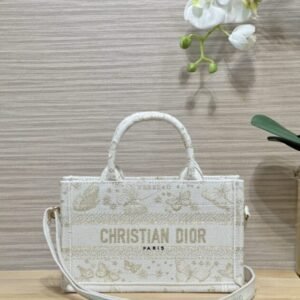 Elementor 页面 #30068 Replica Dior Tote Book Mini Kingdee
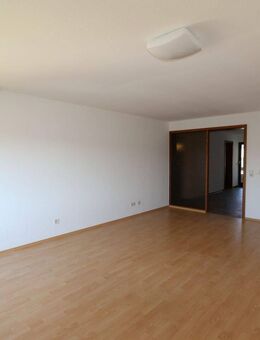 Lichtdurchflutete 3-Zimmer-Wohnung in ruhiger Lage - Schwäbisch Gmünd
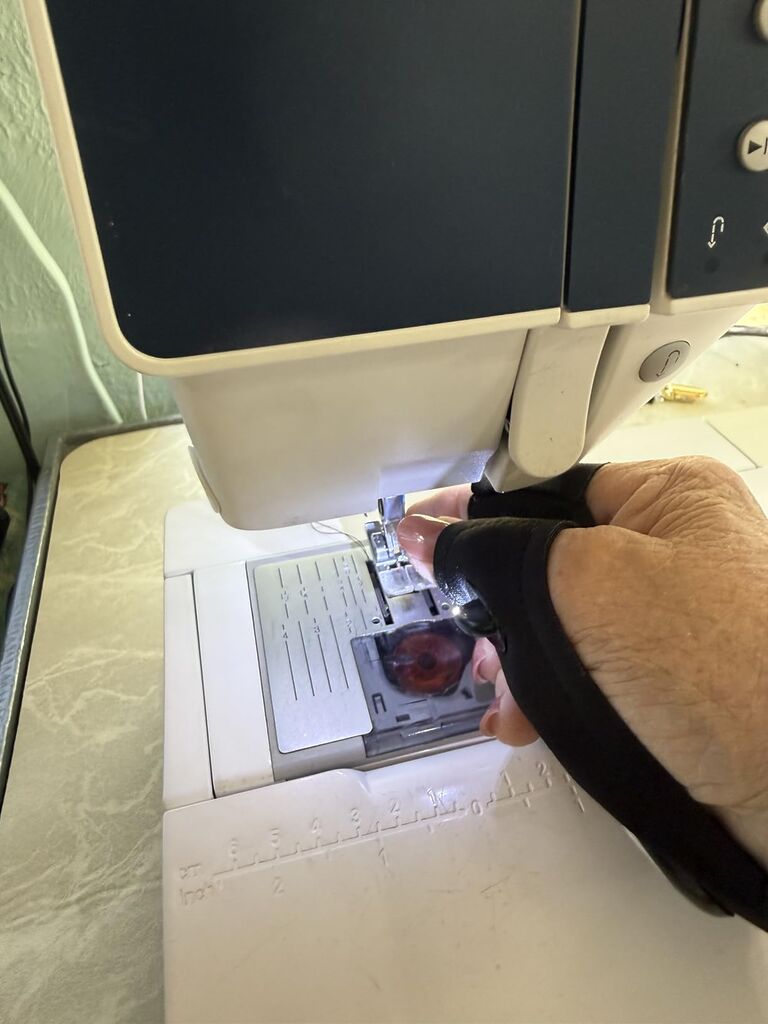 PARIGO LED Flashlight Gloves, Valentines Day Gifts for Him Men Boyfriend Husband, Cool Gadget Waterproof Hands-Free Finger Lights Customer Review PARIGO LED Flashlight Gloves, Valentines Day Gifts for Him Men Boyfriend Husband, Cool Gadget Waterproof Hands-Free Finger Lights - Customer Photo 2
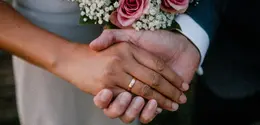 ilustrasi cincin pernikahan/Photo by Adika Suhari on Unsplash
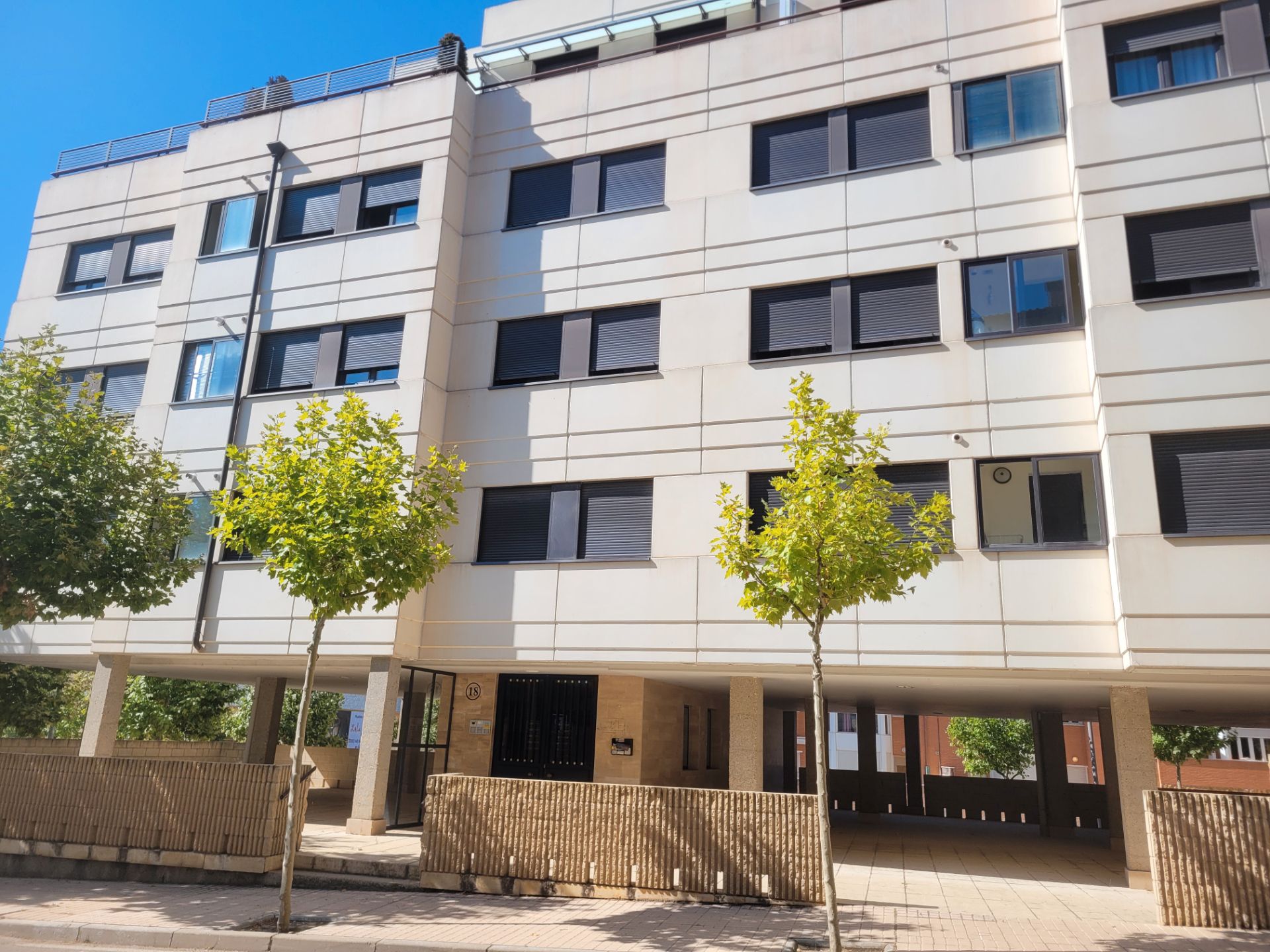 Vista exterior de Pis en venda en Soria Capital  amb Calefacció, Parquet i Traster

• • •

» **What to do**:
Set down the line containing "ilustrasi cincin pernikahan/Photo" and every line after it up to the end of the material, exactly as written, but not the pictures.

» **Result of the exercise**:
 ilustrasi cincin pernikahan/Photo by Adika Suhari on Unsplash
 Vista exterior de Pis en venda en Soria Capital  amb Calefacció, Parquet i Traster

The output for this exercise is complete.